AVT2-DWF: Improving Deepfake Detection with Audio-Visual Fusion and Dynamic Weighting Strategies
Rui Wang, Dengpan Ye, Long Tang, Yunming Zhang, Jiacheng Deng
TL;DR
AVT^2-DWF introduces a dual-transformer framework with $n$-frame-wise facial tokenization and MFCC-based audio processing, connected by a Dynamic Weight Fusion mechanism that dynamically weights visual and audio cues. The face and audio transformers extract modality-specific features, which are then fused via a two-layer cross-modal attention to produce a robust detection signal. Across three public benchmarks, the method achieves state-of-the-art intra-dataset results and strong cross-dataset generalization, with ablations confirming the critical roles of both $n$-frame-wise tokenization and DWF. This approach demonstrates that preserving temporal continuity and learning adaptive modality weights enhances deepfake detection in realistic, multi-modal scenarios.
Abstract
With the continuous improvements of deepfake methods, forgery messages have transitioned from single-modality to multi-modal fusion, posing new challenges for existing forgery detection algorithms. In this paper, we propose AVT2-DWF, the Audio-Visual dual Transformers grounded in Dynamic Weight Fusion, which aims to amplify both intra- and cross-modal forgery cues, thereby enhancing detection capabilities. AVT2-DWF adopts a dual-stage approach to capture both spatial characteristics and temporal dynamics of facial expressions.

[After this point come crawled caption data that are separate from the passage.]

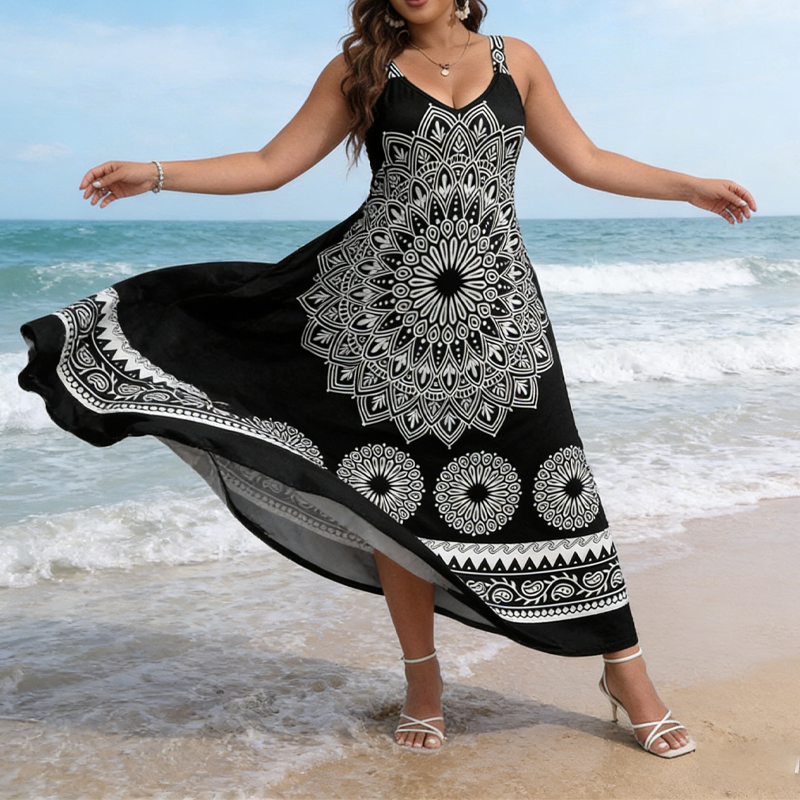 MINA | Ärmelloses Boho-Maxikleid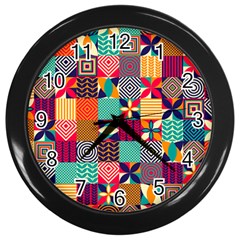 Geometric Mosaic Wall Clock (black) by designsbymallika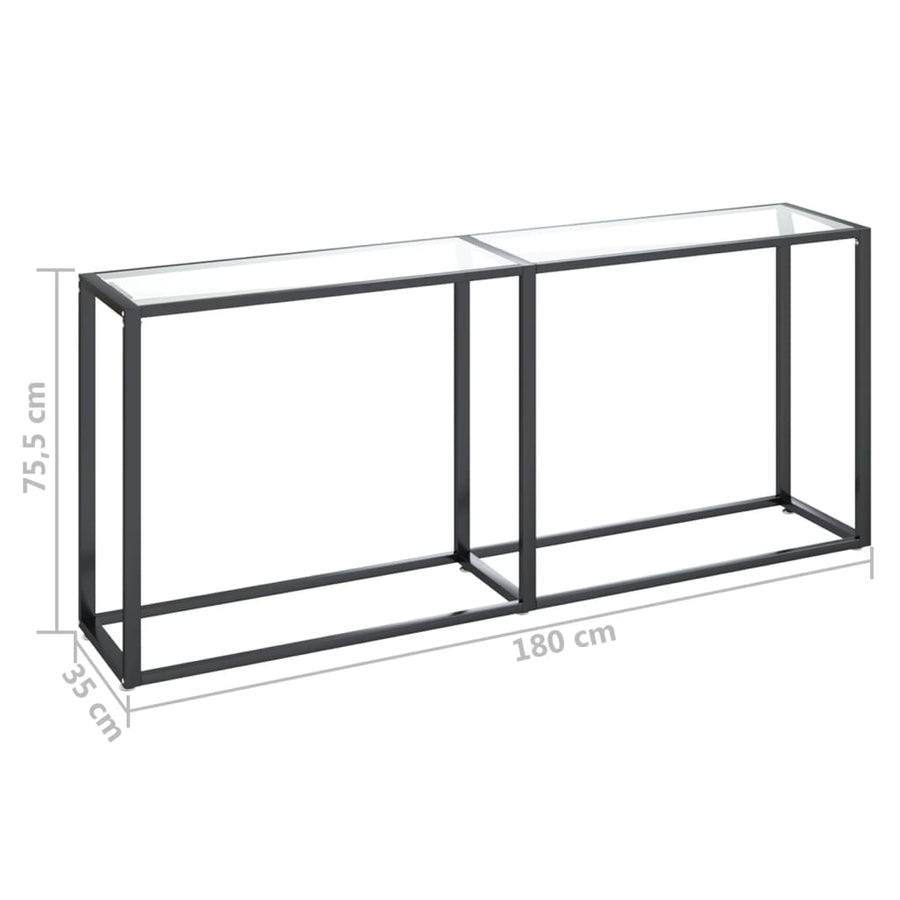Wandtafel 80X35X75,5 Cm Gehard Glas Transparant 180 x 35 x 75.5 cm Doorzichtig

This is achieved through a face transformer with an n-frame-wise tokenization strategy encoder and an audio transformer encoder. Subsequently, it uses multi-modal conversion with dynamic weight fusion to address the challenge of heterogeneous information fusion between audio and visual modalities. Experiments on DeepfakeTIMIT, FakeAVCeleb, and DFDC datasets indicate that AVT2-DWF achieves state-of-the-art performance intra- and cross-dataset Deepfake detection. Code is available at https://github.com/raining-dev/AVT2-DWF.